Don't Change


Blink your eyes BLOG reader.  

One thing about aboynamedstu, that is equal parts awesome and not-so-awesome in that double edged sword sort of a way is my memory.  

Like most aboynamestu things, my memory which is awesome in some regards equally sucks in others.

Case in point.  After nearly 18 years of marital bliss I cannot retain the very exact, and consistent way in which My Lovely Bride orders her sandwich at The Great Outdoors.  Nor can I recall how she orders her burger.  That info is literally in one ear, out the other.  

Yet while sitting in a Senior Sunday Breakfast (I'm a Youth Counselor at Church) I can recall this moment (photograph below) perfectly even though it is six years in the rearview.

One Day...

You see BLOG reader one of the two kids on the raft thing in the lake is a graduating senior.  And while his Mom and Dad talked to the group of senior families about all the ways in which their senior had grown and/or changed over the years, my idiot savant memory teleported me back to the very moment captured in the above photo, and I recall as if it was yesterday the thought that I'm going to blink my eyes and my Boy(s) standing on the shore will be as old as the kids on the raft.  

Which has come to pass.  MY Boy(s) are now pretty much the same ages as those boys playing in Lake Texoma in May 2006.

And even though I didn't take a picture during the Senior Breakfast, I had that indelible memory stamp thing I do where I knew that in a few more years, God willing, I'd be sitting there as a Senior's parent.  Talking about how much my Senior had changed and grown over the years.  I'd be looking at a young man, but remembering the Boy, either #1 or #2, and wondering where the time went.  Hoping I didn't waste it.  Miss anything.  By being sucked into the daily grind of living my life.  

The Dad of the kid on the raft above, now a Senior, said something profound during his speech.
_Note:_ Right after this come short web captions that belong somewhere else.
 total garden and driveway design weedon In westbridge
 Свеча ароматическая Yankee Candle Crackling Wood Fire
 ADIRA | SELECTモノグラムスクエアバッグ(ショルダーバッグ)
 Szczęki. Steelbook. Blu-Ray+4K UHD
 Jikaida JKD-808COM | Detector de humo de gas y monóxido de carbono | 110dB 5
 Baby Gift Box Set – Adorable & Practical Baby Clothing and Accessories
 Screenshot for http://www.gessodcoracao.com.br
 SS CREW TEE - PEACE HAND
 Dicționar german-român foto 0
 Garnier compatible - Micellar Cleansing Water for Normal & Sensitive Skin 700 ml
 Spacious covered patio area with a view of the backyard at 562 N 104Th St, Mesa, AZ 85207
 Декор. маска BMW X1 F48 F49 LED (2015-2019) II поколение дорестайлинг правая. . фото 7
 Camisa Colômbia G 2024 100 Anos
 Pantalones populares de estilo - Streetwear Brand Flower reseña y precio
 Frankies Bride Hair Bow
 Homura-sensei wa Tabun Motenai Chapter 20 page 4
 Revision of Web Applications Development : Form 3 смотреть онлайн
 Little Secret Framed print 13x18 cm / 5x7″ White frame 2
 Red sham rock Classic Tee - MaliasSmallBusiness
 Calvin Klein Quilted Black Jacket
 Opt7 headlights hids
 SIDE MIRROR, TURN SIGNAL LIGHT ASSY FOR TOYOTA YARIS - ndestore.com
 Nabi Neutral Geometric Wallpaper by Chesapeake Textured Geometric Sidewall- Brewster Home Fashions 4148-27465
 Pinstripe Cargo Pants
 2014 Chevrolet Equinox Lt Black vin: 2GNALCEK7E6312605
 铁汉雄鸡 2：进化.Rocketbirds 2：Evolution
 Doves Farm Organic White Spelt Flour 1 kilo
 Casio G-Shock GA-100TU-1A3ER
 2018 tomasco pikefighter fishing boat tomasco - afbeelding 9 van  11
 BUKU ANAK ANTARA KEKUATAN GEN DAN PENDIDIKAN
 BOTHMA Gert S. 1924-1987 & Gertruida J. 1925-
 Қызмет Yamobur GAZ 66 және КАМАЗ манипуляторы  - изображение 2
I'm paraphrasing of course, but it went something like this:

You don't see your children grow up.  Not in a rational way.  You still see the boy even though the boy is now a young man.

Which is true.  Living with someone day to day, you often miss the subtle changes that occur over time.  It's only when you stop and pause long enough to remember, or look at old photos or videos, that you realize how fast life moves. 

And that if you're smart, you'll slow down and enjoy it.

Until I BLOG again…Message received loud and clear.